As we pass the midpoint of Professional Services Week 2017 and my feet welcome the well-earned rest from walking around the city, I’ve been reflecting on the conversations had over the past three days with participating students, teachers and business volunteers. Undoubtedly the energy and enthusiasm has been high from all sides. We’ve shared insights, experience and tips and in most cases, a passion for this city…except the last part of that statement appears to be more true for the volunteers and hosts and less so for the young residents taking part.

Professional Services Week is absolutely about promoting access to the professions and the vast array of associated jobs within professional services businesses. But today has reminded me of the need to ‘sell’ Birmingham, particularly to Birmingham’s young citizens as a key part of the Week’s core messages. Typically, this need takes two forms, neither of which are that surprising, but they do require different approaches.

On the one hand, as a place-based sector, we need to explain the opportunity on the door step to the bright young things with their eyes firmly on the future. As the evaluation data from last year’s PSW 2016 revealed, countering common prevailing rhetoric, not every child growing up in this city in our less advantaged communities is lacking aspiration. Such talent is highly mobile and we need to find ways to get/keep them here.

To this point, our own research at BPS Birmingham with Warwick Business School – The Future Commission – identified a need for a values-based proposition to attract and retain talent. Five years on, as I walked with the students around offices that looked more like studio flats than businesses, it is clear that this observation of the future is really playing out. Work-life balance is a critical deciding factor, as too are pay income vs. affordability of a quality lifestyle equations and the alignment of personal values and that of their employer.

The second form of needing to sell Birmingham is the ‘aspiration piece’ because growing up in this city isn’t always the winning hand portrayed by our bubbling young professionals. For the well-meaning volunteer from our community of upwardly mobile individuals, it is a tricky balance. Business outreach activities do work by and large, because encounters with the world of work reduce chances of becoming NEET and increase earnings overall. However, as my good friend and colleague Kathryn Lennon-Johnson (B.E.S.S) says so often in her work with the built environment sector, raising awareness isn’t enough. Showing someone a Rolls Royce might make them want it more than before; but it might not and it certainly doesn’t mean you necessarily know how to get one once you’ve taken a ride.

Encouragingly I have observed many a firm moving beyond a show and tell strategy to their work place visit. There has been a concerted effort on behalf of our participating businesses to show and explain how to get there. Some firms have invested in technology to make their programmes of outreach and work experience opportunities more transparent, accessible and engaging to the target audience. Additionally, the hosts were trying to engender an understanding of the breadth of roles available e.g. marketing, in-house catering and admin support, not just the accountants in an accountancy firm.

The more interesting observation for me is that the number of firms without school leaver programmes appears to be dwindling significantly.

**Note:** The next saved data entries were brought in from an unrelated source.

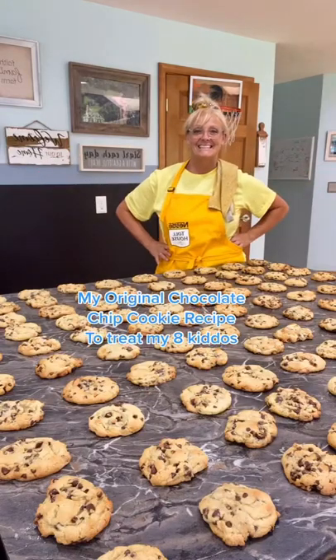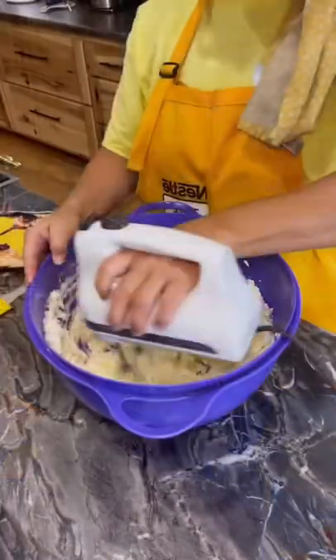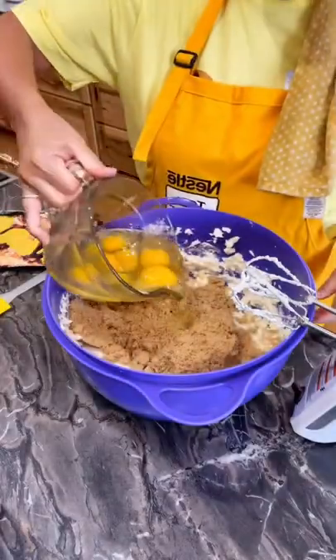Back by popular demand, my original chocolate chip cookie recipe. Start by creaming 2 thirds cup of butter and shortening. Add 1 cup of white sugar and brown sugar, 2 eggs and 2 teaspoons of vanilla.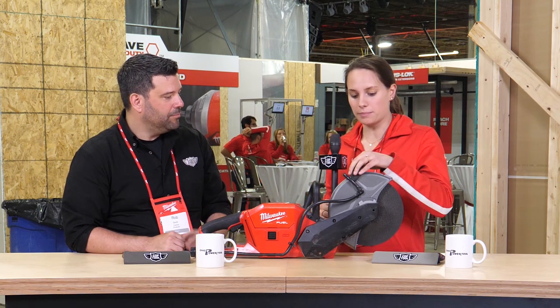Does it have a brake on it? It does — it has a rapid stop brake, so the blade will stop completely within three seconds of that trigger being released.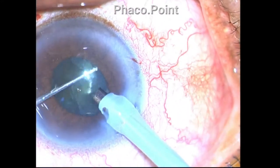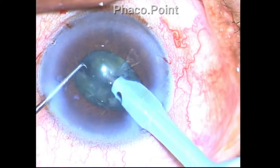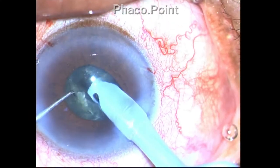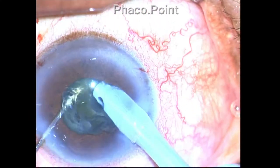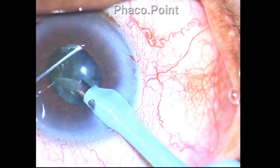Since I am employing the direct phaco chop, I continue by making multiple chops. The machine I'm using is a Stellaris machine with vacuum on demand.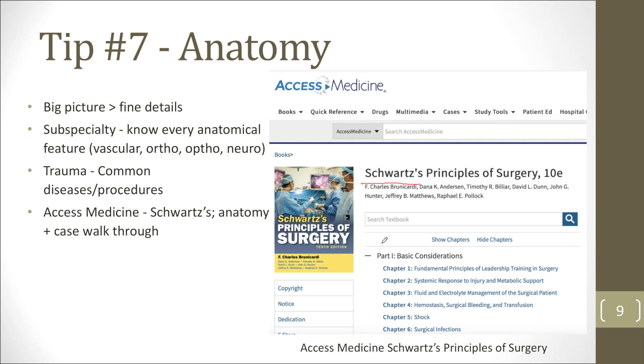Rather than going through general resources like UpToDate or just Netter's, Schwartz was more high-yield for those who don't have the greatest memories. It walked me through the entire case and gave me the very specific details I needed — exactly what would come up when getting pimped during a procedure.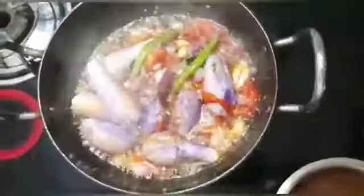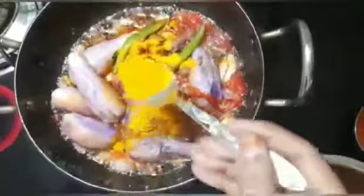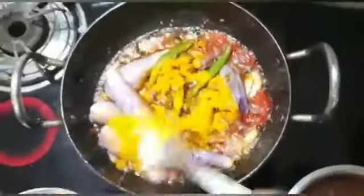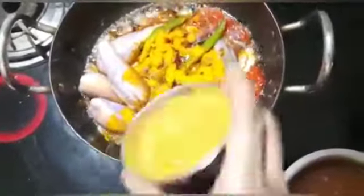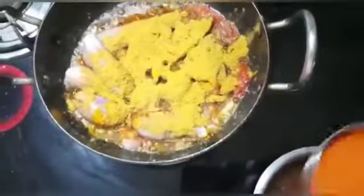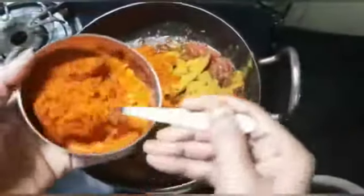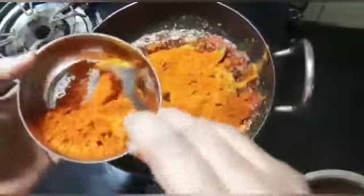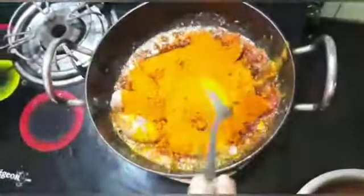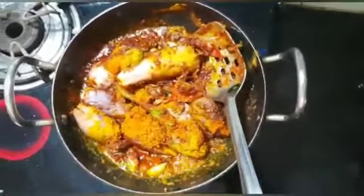Let's add some green onions. We'll add some green onions to the dish. I put the oil in the pan — it is a little bit.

The Future Commission emphasised the need for alternative routes to entry to the sector. The rationale was to reduce barriers to entry as part of a strategy to realise competitive advantage from the latent asset that is the young talent pool in the city in order to mitigate predicted future skills shortages put under pressure by business growth from inward investment and accelerating retirement rates. There are many more different career paths compared to five years ago when the Commission was taking evidence and professional bodies are looking closely at their routes to qualification to encourage greater access. Baby steps perhaps, but the sector is opening up and that is heartening to observe.

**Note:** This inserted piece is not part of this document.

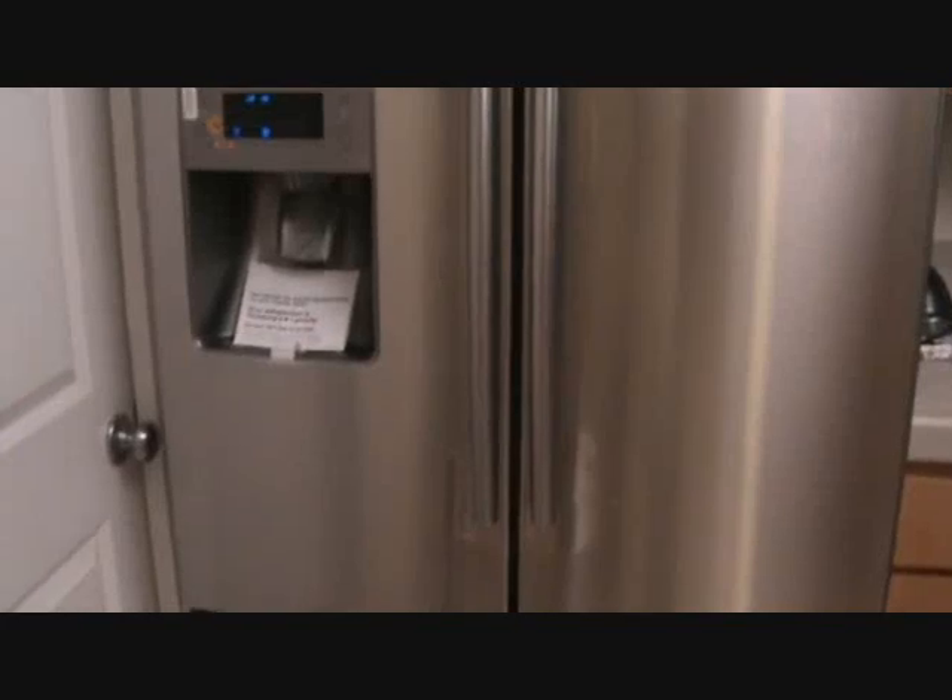In a perfect world, you wouldn't have the door that close, but it still works. But what could we do differently here? There's some stuff behind the door.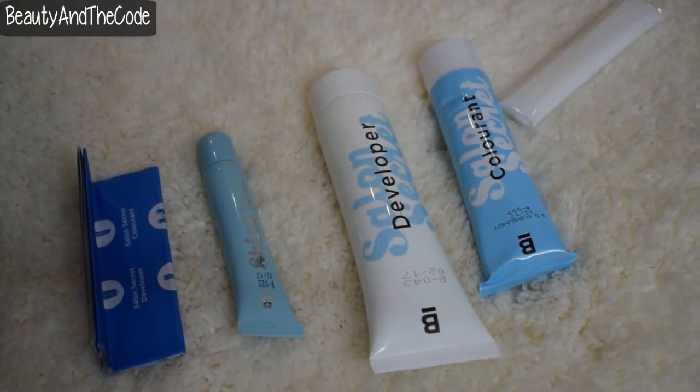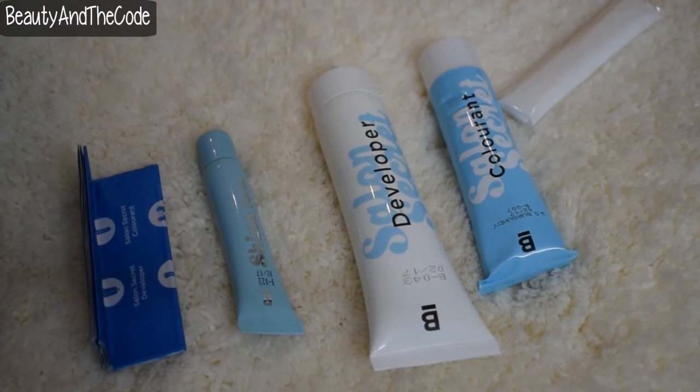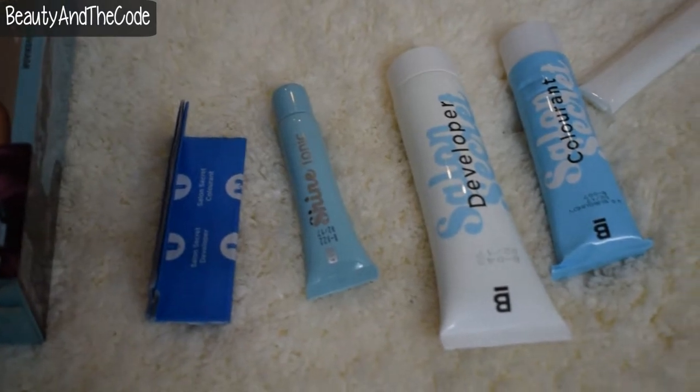The first thing that I'll do is unbox this and show you guys everything that's inside. So it comes with five things: one is an instruction manual, the other is gloves, third one is a colorant, a developer, and a shine tonic.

Despite such positivity though, I have a concern. I fear that we are in danger of adopting the same techniques for promoting the new careers pathways as we have developed for graduate recruitment. For example, centralised recruitment processes of school leaver places akin to a graduate programme. This assumes a level of mobility and confidence that is far less likely in a 16-18 year old compared to a tertiary educated 21+ year old.

We are entering new territories in professional services and with the arrival of the Apprenticeship Levy this year, the pace of change in this arena will accelerate. However, unless we are wise to this behavioural and cultural trap, the new pathways will be full of the same talent that would always have been hired….just a bit younger and minus the university debt. On the day when the Social Mobility & Child Poverty Commission published its latest report damming the lack of progress made and calling on the professions to make socio-economic diversity a priority, we cannot allow this to happen. [1] Initiatives like Professional Services Week are therefore not only valuable for the richness of experiences on offer to all those who participate, but for the lens that they hold up to the collective picture to keep us on track for the future.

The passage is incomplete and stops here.